Il mese di dicembre dei carabinieri di Verona.
Un mese di dicembre decisamente impegnativo quello appena trascorso per i carabinieri di Verona: a illustrare i numeri è il comandante provinciale colonnello Claudio Papagno. Il Comando provinciale carabinieri di Verona, avvalendosi di una capillare diffusione sul territorio (6 Compagnie, 51 Stazioni) e dell’efficace “sinergia operativa” con i reparti speciali (Ros, Nucleo antisofisticazione e sanità, Nucleo operativo ecologico, Nucleo ispettorato del Lavoro, Gruppo carabinieri forestali), assicura sia nella città che nei centri minori, tutte le funzioni per garantire l’ordinata convivenza civile e la sicurezza di tutta la comunità scaligera.
Nel mese di dicembre sono state ben 3.205 le pattuglie sul territorio, che hanno consentito di identificare su strada più di 14.339 persone e controllare circa 7.557 veicoli.

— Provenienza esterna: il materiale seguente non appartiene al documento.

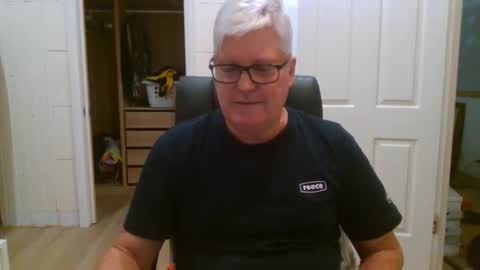 Snapshot of viper654321 chatting on May 7, 2026, 12:49 am viper654321 online show from May 7, 2026, 12:49 am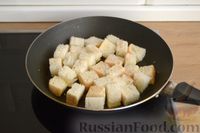 Фото приготовления рецепта: Салат с сардинами, кукурузой, яблоком и сухариками - шаг №4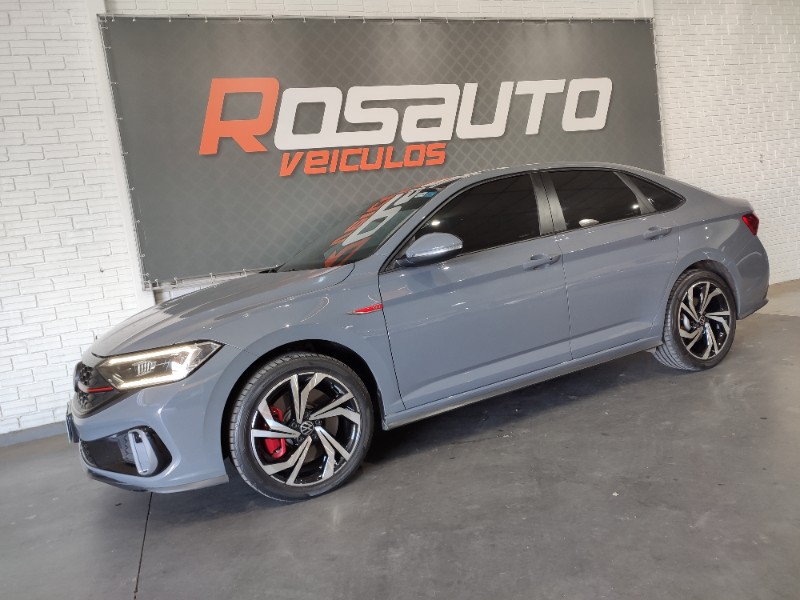 VOLKSWAGEN JETTA 2.0 16V TSI GLI 350 GASOLINA 4P AUTOMÁTICO 2024/2024 ROSAUTO VEÍCULOS VENÂNCIO AIRES / Carros no Vale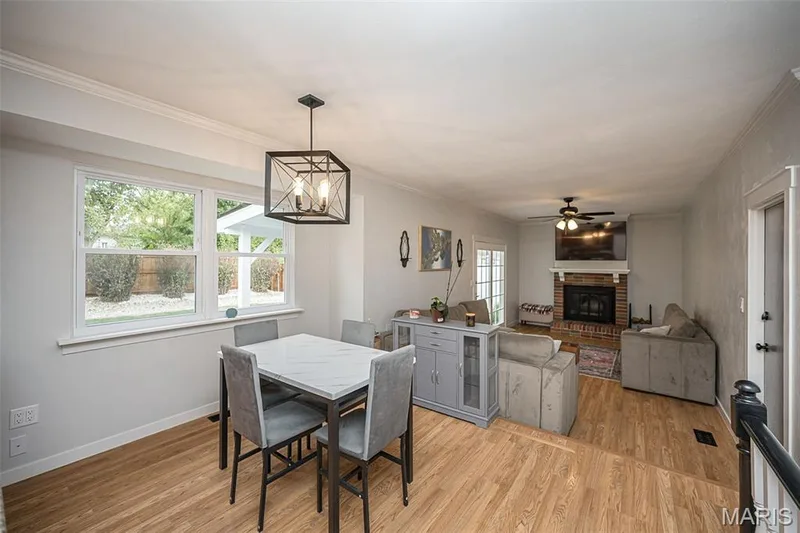 12 Oakridge West Drive, St Peters, MO 63376 — listing photo 15 of 51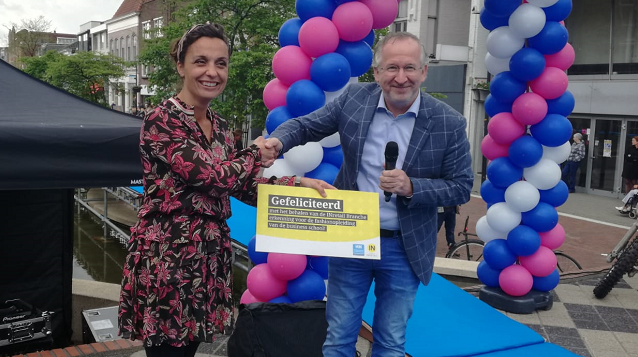Alfacollege's tweet photo. Tijdens Modestad Hoogeveen branche-erkenning ontvangen van @johanschomaker van @INretail voor onze Fashion-opleidingen vanwege sterke samenwerking met fashion/retailers in de regio. Trots! https://t.co/duxQaaDNhd #hoogeveen #modestad #mbo #fashion https://t.co/dMLuPi3q3V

Facendo fronte alle oltre 26.015 chiamate giunte alle Centrali operative del Comando provinciale e delle Compagnie dipendenti tramite il 112 Numero Unico Emergenza, i carabinieri non hanno solo contrastato i fenomeni d’illegalità diffusa, ma si sono impegnati sia nel risolvere controversie private o familiari, che nel fornire assistenza ai cittadini in situazioni di disagio o in cerca di un aiuto, offrendo anche semplici consigli e rassicurazioni su come comportarsi in determinate occasioni.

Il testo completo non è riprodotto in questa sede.